**YOUR ASSIGNMENT**
Retype the records below exactly as they appear, but leave out any pictures.

**RECORDS FOR PROCESSING**
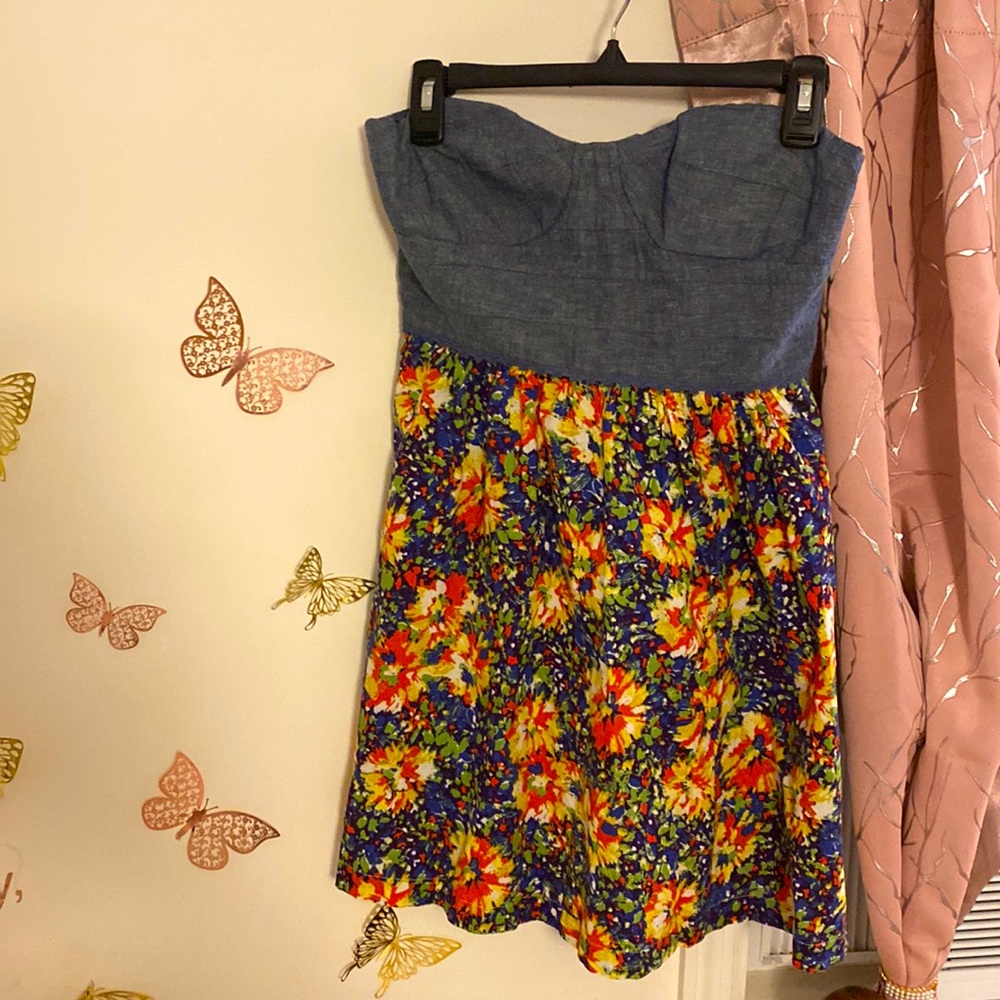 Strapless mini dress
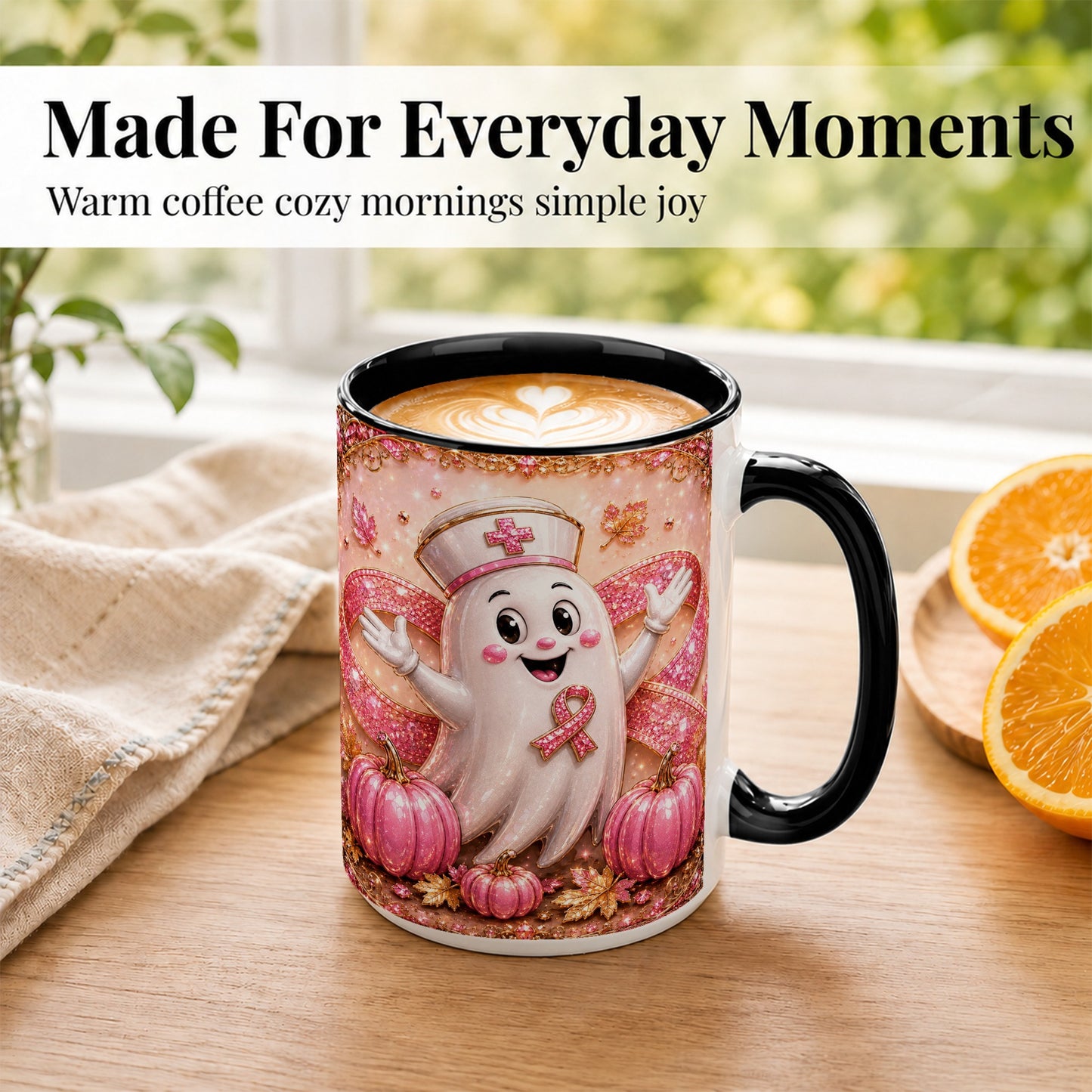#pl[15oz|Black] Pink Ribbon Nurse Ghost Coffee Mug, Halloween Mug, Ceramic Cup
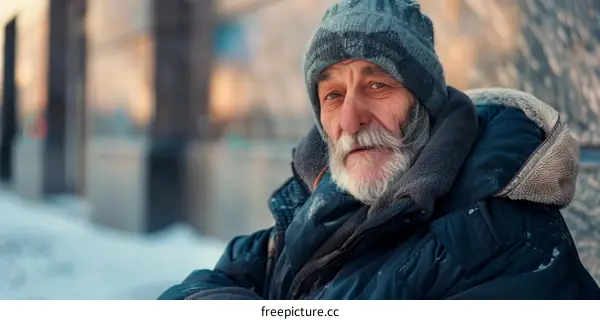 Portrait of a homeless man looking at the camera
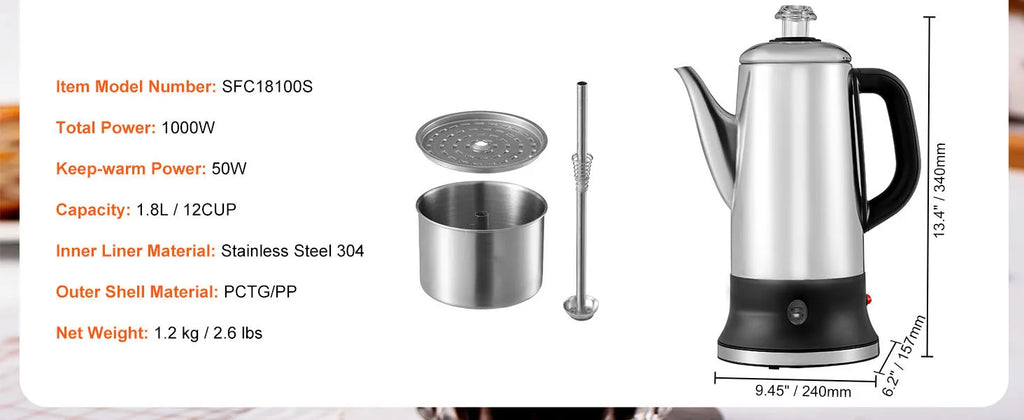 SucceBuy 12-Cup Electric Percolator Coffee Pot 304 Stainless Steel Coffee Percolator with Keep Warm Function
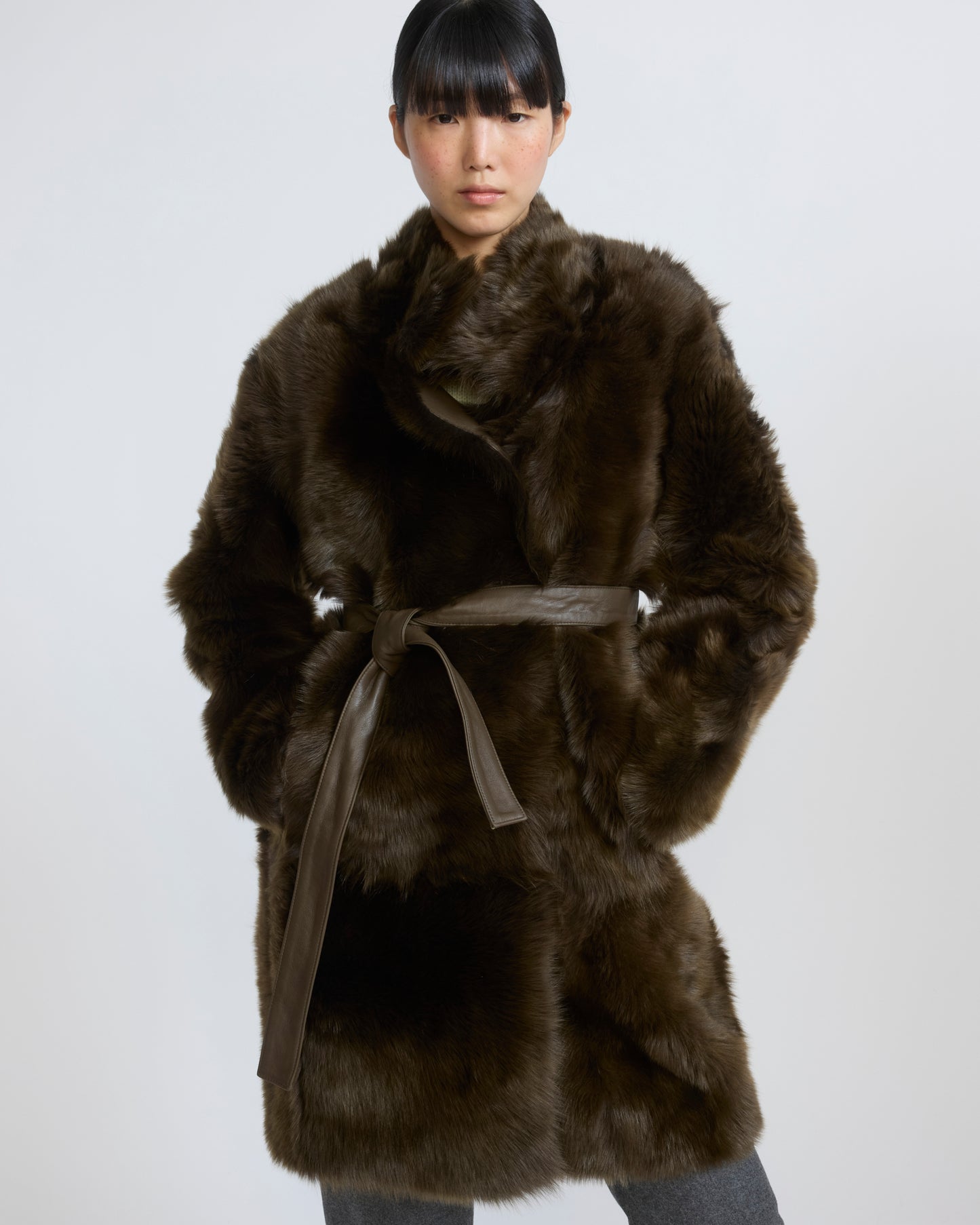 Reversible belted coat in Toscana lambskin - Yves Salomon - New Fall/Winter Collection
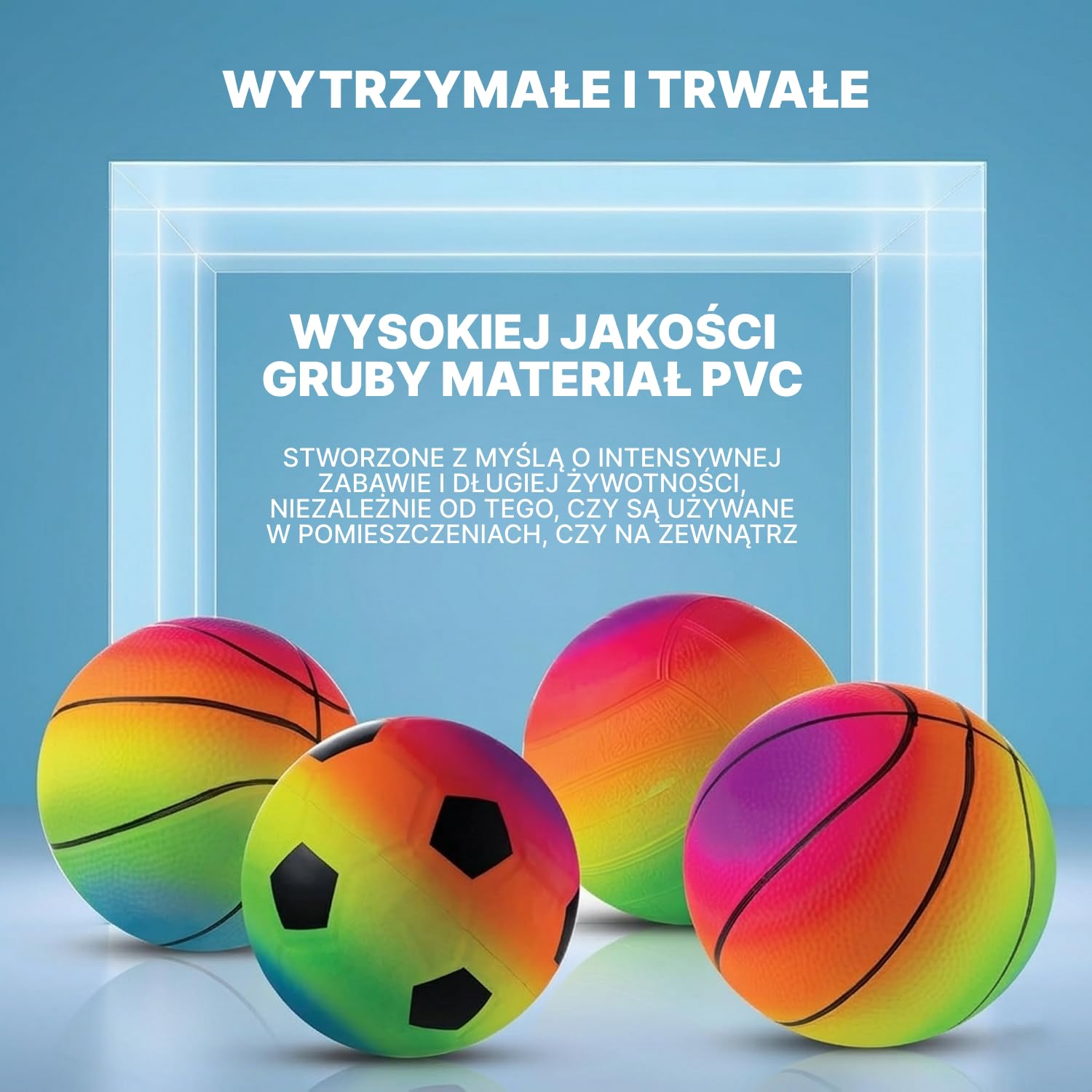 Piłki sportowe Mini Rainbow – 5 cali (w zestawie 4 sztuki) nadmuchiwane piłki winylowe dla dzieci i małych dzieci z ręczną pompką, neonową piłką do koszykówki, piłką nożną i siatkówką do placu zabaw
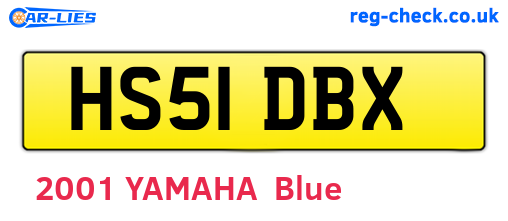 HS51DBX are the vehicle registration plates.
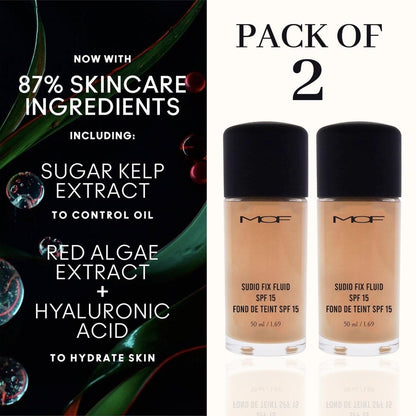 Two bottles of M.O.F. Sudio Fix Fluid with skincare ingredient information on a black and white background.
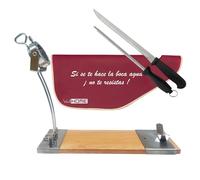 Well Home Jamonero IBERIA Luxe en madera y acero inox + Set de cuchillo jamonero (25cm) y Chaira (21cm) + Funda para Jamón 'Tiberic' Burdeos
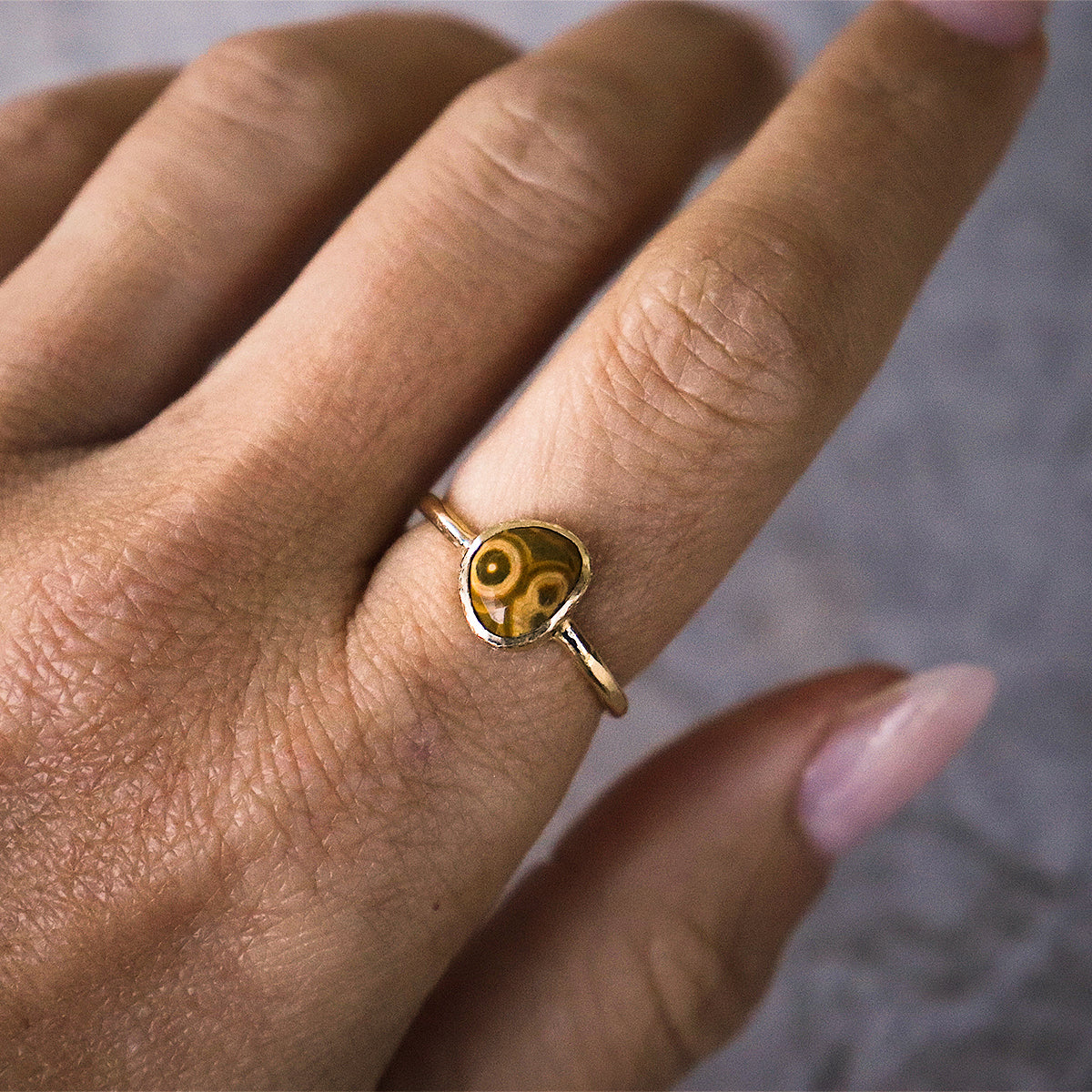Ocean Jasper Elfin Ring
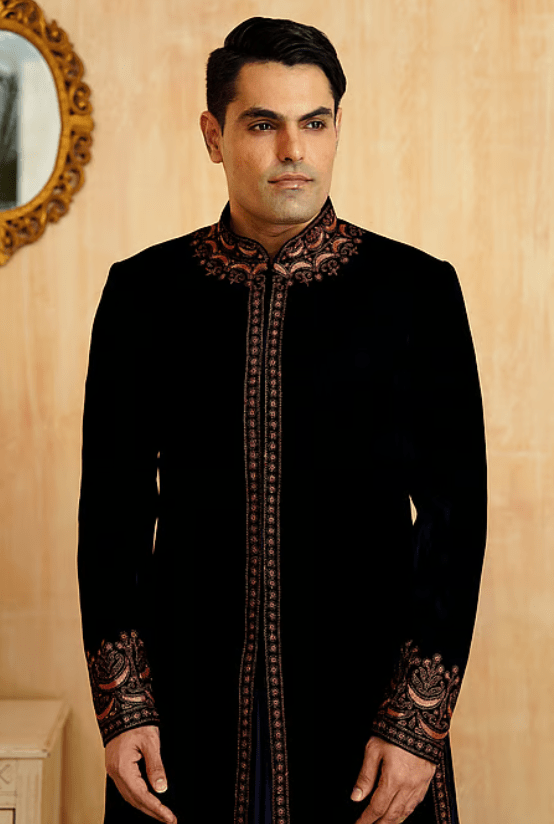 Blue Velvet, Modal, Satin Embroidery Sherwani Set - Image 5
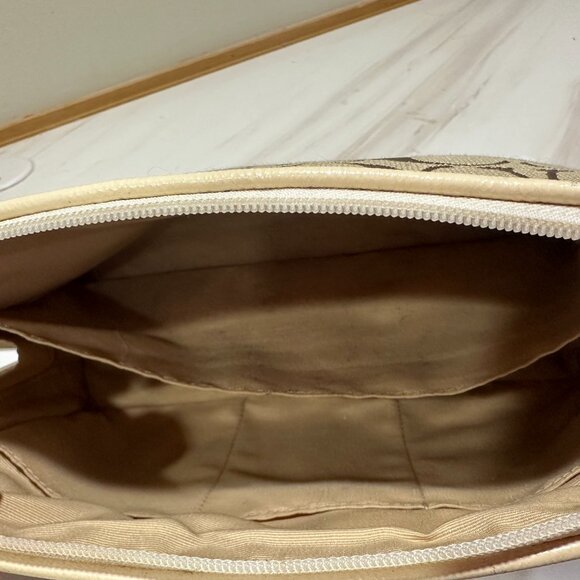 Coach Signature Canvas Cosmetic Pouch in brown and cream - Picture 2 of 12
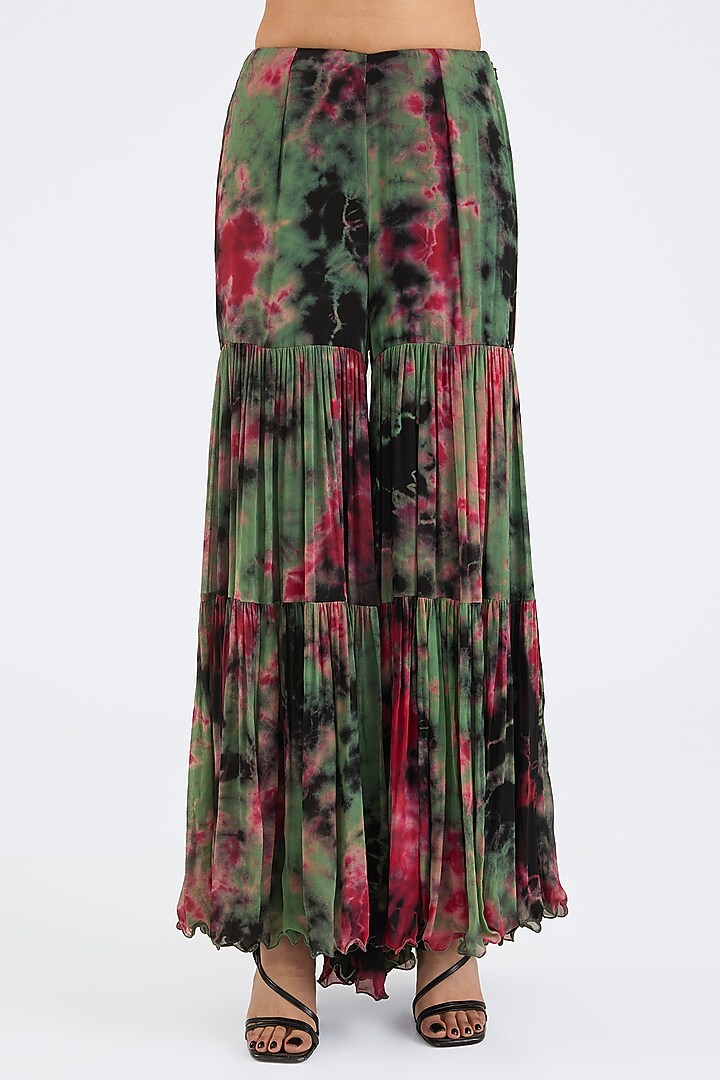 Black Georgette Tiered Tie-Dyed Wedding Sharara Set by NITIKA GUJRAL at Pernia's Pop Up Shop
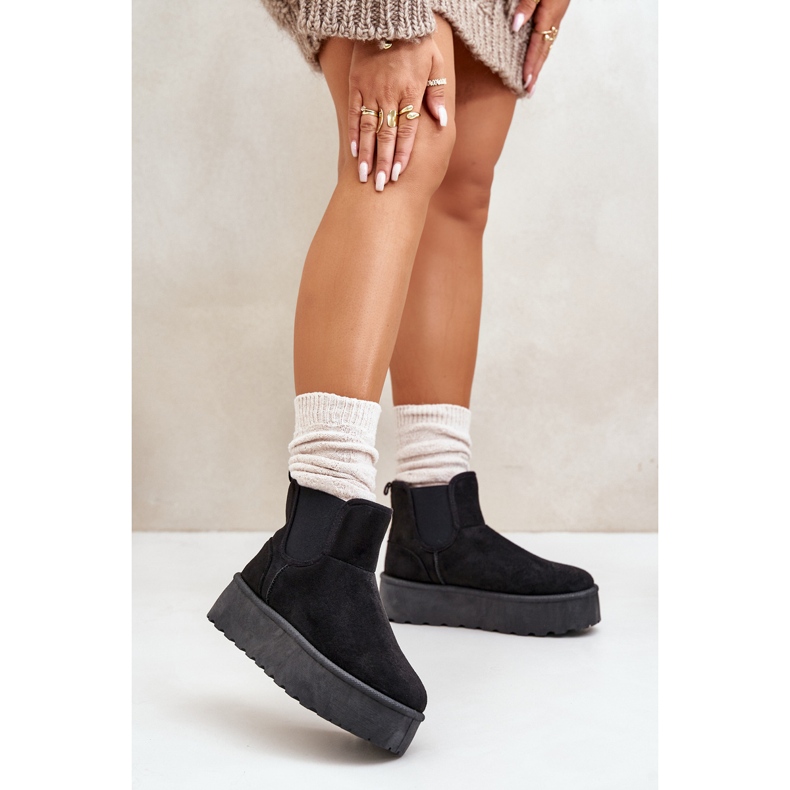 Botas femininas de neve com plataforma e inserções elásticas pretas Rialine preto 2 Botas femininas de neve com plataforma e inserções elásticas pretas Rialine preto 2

**ANSWER FOR THIS EXERCISE**
 Strapless mini dress
#pl[15oz|Black] Pink Ribbon Nurse Ghost Coffee Mug, Halloween Mug, Ceramic Cup
 Portrait of a homeless man looking at the camera
 SucceBuy 12-Cup Electric Percolator Coffee Pot 304 Stainless Steel Coffee Percolator with Keep Warm Function
 Reversible belted coat in Toscana lambskin - Yves Salomon - New Fall/Winter Collection
 Piłki sportowe Mini Rainbow – 5 cali (w zestawie 4 sztuki) nadmuchiwane piłki winylowe dla dzieci i małych dzieci z ręczną pompką, neonową piłką do koszykówki, piłką nożną i siatkówką do placu zabaw
 HS51DBX are the vehicle registration plates.
 Two bottles of M.O.F. Sudio Fix Fluid with skincare ingredient information on a black and white background.
 Well Home Jamonero IBERIA Luxe en madera y acero inox + Set de cuchillo jamonero (25cm) y Chaira (21cm) + Funda para Jamón 'Tiberic' Burdeos
Ocean Jasper Elfin Ring
 Blue Velvet, Modal, Satin Embroidery Sherwani Set - Image 5
 Coach Signature Canvas Cosmetic Pouch in brown and cream - Picture 2 of 12
 Black Georgette Tiered Tie-Dyed Wedding Sharara Set by NITIKA GUJRAL at Pernia's Pop Up Shop
 Botas femininas de neve com plataforma e inserções elásticas pretas Rialine preto 2 Botas femininas de neve com plataforma e inserções elásticas pretas Rialine preto 2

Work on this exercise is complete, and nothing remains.